Re: [rdflib-dev] DBpedia and rdflib

Chimezie Ogbuji Thu, 04 Oct 2007 12:57:14 -0700

On 10/4/07, [EMAIL PROTECTED] <[EMAIL PROTECTED]> wrote:
> I'm a noob to the semantic web though not to python, and am looking to
> experiment with the dbpedia data (now that's a possible killer app :-),
> which is sizable, like a few million triples it seems: http://dbpedia.org/


Hey there.

> I'm trying to figure out how to get the dbpedia data loaded and usable with
> rdflib, i.e. accessible via a SPARQL interface on my local machine, and
> could really use some advice - from the API docs I don't understand what
> needs to be done with store(), except that it's needed, and I probably don't
> want to load several hundred megabytes into memory. :-)

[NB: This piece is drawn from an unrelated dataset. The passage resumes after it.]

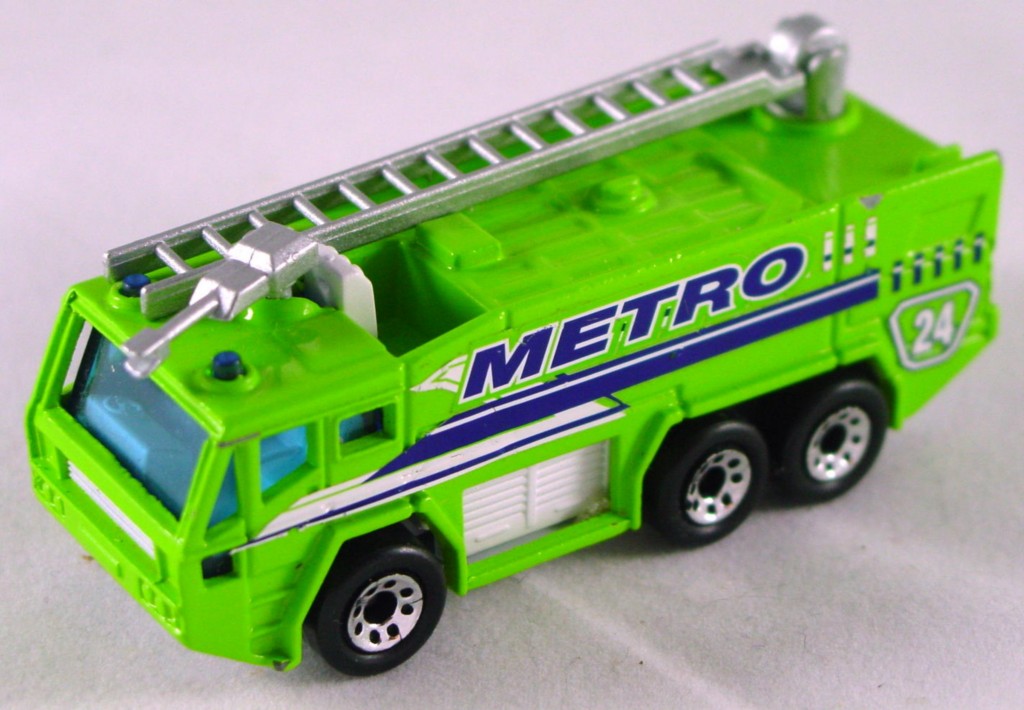Pre-production 08 I 18 - Airport Tender Lime Metro unspread rivet made in China DECALS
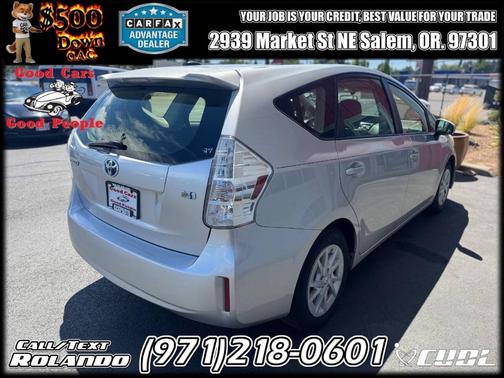Classic Silver Metallic 2012 Toyota Prius v Five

So, the naive approach would be to use the generic (store-agnostic)
parsers to parse the .nt files into a store of your choice (see below:
where 'config' is the connection string for the store you want to use,
'storeName' corresponds to the non-qualified name of any of the
modules in rdflib.store - MySQL, IOMemory, Sleepycat, etc..):

---------------------------------------------------------------

from rdflib.Graph import Graph,ConjunctiveGraph
from rdflib import URIRef, store, plugin
from rdflib.store import Store, VALID_STORE, NO_STORE, CORRUPTED_STORE

store = plugin.get(storeName,Store)()
rt=store.open(config,create=False)
if rt == NO_STORE:
  #No store, create it using configuration
  store.open(config,create=True)
elif rt == CORRUPTED_STORE:
  #Store is corrupted, destroy and recreate
  store.destroy(config)
  store.open(config,create=True)
else:
  #Store exists and is valid, do nothing
  pass

g=Graph(store,identifier=URIRef('.. graph name ..'))
#this will take a looooong time
g.parse('.. path to NTriples file ..',format='ntriples')
store.commit()

---------------------------------------------------------------

However, I wouldn't suggest this for the MySQL store, for that I have
attached a mass-load script that I use for large datasets (in the
millions of triples) which parses an RDF graph serialization into a
set of delimited files which can be loaded (very efficiently) into
MySQL  via:

LOAD DATA LOCAL INFILE  '%s' IGNORE INTO TABLE  %s FIELDS TERMINATED
BY '|' ENCLOSED BY '"'

If you go the MySQL route, let me know, I can give you further instructions.

> Could anyone give
> some high-level advice on how I can load big n-triples files (that would be
> the dbpedia .nt files)  using rdflib, then have them all accessible via
> SPARQL?

This probably goes for all the rdflib stores, but for large RDF
serialization you probably don't want to go the
graph.parse(..input..,format='...') route, since that involves a
massive memory hit (parsing the entire graph into memory) as well as
the inefficiency of directly parsing it in

As for making a fully loaded RDFLib store available over SPARQL you
simply need a web framework for answering to SPARQL queries and
routing them through RDFLib.  Offhead I know of a few:

- Triclops (http://python-dlp.googlecode.com/svn/trunk/triclops/)
- sparqlhttp (http://projects.bigasterisk.com/sparqlhttp/)

There may be others..

from __future__ import generators
from rdflib import BNode
from rdflib.store import Store
from rdflib.Literal import Literal
from pprint import pprint
import sys, re
from rdflib.term_utils import *
from rdflib.Graph import QuotedGraph
from rdflib.store.REGEXMatching import REGEXTerm, NATIVE_REGEX, PYTHON_REGEX
from rdflib.store.AbstractSQLStore import *
from rdflib.store.MySQL import MySQL
from cStringIO import StringIO
from rdflib.store.FOPLRelationalModel.QuadSlot import *
Any = None    

VALUES_EXPR     = re.compile('.*VALUES (\(.*\))')
TABLE_NAME_EXPR = re.compile('INSERT INTO (\S*)\s+VALUES')

ROW_DELIMETER = '\n'
COL_DELIMETER = '|'

class MySQLLoader(MySQL):
    
    def __init__(self, identifier=None, configuration=None):
        super(MySQLLoader,self).__init__(identifier,configuration)        
        self.assertedNonTypeValues = StringIO()
        self.assertedTypeValues    = StringIO()
        self.assertedLiteralValues = StringIO()        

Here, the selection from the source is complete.